ECLIPSED is the story of five extraordinary women brought together by upheaval in their homeland of Liberia. They forge a close-knit community... one that inspires them to feats of increasingly greater strength. Directed by South African-born Liesl Tommy (The Good Negro, Appropriate), Eclipsed is a stirring tale of hope, humor and resilience-and the only new play by a woman on Broadway this season.

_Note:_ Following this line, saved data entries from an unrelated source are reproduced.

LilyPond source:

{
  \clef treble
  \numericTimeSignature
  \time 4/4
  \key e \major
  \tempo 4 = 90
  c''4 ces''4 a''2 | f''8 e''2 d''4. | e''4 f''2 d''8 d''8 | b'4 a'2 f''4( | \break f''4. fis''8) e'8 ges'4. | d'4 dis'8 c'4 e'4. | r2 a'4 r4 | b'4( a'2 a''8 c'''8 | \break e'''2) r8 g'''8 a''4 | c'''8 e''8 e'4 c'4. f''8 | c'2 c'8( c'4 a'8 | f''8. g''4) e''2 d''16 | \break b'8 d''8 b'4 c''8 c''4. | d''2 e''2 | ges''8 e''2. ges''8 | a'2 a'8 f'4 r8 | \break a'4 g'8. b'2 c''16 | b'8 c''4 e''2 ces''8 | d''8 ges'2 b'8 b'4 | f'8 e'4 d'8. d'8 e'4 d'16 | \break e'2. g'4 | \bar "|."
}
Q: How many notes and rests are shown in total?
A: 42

Let's see what the critics had to say...

Charles Isherwood, New York Times: For all its harrowing power, "Eclipsed," headlined by the Oscar winner Lupita Nyong'o, one of the most radiant young actors to be seen on Broadway in recent seasons, shines with a compassion that makes us see beyond the suffering to the indomitable humanity of its characters. And although the events it depicts happened more than a decade ago, the play resonates powerfully today, as more than one African country continues to be plagued by atrocious violence, with women often the most brutalized victims....Under the bright lights of Broadway, where escapist fare or genteel revivals most often thrive, Ms. Gurira's play, directed with clarity and force by Liesl Tommy, reminds us of something profoundly important, and perhaps too easily forgotten amid our own country's continuing racial troubles: African lives matter.

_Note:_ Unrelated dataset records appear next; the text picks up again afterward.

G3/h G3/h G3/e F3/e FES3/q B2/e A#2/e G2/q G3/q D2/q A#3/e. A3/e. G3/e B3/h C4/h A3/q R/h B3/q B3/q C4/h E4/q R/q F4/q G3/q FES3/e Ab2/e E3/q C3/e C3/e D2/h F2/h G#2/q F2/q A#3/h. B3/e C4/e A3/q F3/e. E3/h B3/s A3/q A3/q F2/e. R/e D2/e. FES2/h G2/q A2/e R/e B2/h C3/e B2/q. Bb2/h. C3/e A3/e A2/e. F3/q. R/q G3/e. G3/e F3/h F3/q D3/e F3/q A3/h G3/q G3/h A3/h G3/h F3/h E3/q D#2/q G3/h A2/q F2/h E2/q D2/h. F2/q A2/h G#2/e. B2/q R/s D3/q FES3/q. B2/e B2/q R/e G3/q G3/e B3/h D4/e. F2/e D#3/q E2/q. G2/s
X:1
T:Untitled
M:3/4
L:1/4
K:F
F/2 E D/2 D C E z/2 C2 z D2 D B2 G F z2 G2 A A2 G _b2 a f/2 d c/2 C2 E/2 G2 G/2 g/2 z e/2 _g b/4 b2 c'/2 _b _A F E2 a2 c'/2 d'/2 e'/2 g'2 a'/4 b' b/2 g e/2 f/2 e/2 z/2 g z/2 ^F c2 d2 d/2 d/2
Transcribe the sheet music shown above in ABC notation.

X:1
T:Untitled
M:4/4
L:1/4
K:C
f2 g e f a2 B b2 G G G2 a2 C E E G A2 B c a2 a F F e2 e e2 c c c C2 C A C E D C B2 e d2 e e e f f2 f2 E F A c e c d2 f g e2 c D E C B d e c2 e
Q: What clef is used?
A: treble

Michael Dale, BroadwayWorld: Plays about the different ways women choose to respond to institutionalized rape during wartime are not standard Broadway fare, and ECLIPSE's transfer from its October-opening run at The Public Theater, should be considered a major achievement, no doubt accelerated by the facts that the playwright is known for her acting role on the popular television series THE WALKING DEAD, and one-fifth of its superb ensemble is Academy Award-winner Lupita Nyong'o.

Robert Kahn, NBC New York: "Eclipsed" is a colorful and fiery drama, and one that no doubt stands bracingly apart from ordinary Broadway fare. But there's more here than just that....The performances are top-notch. I loved Nyong'o, who is vulnerable, comical and charismatic, as a still-malleable girl on the cusp of womanhood. I was touched, as well, by Sengboh and Armand, who are torn between the enemy they know, and the uncertainties of a life without his protection.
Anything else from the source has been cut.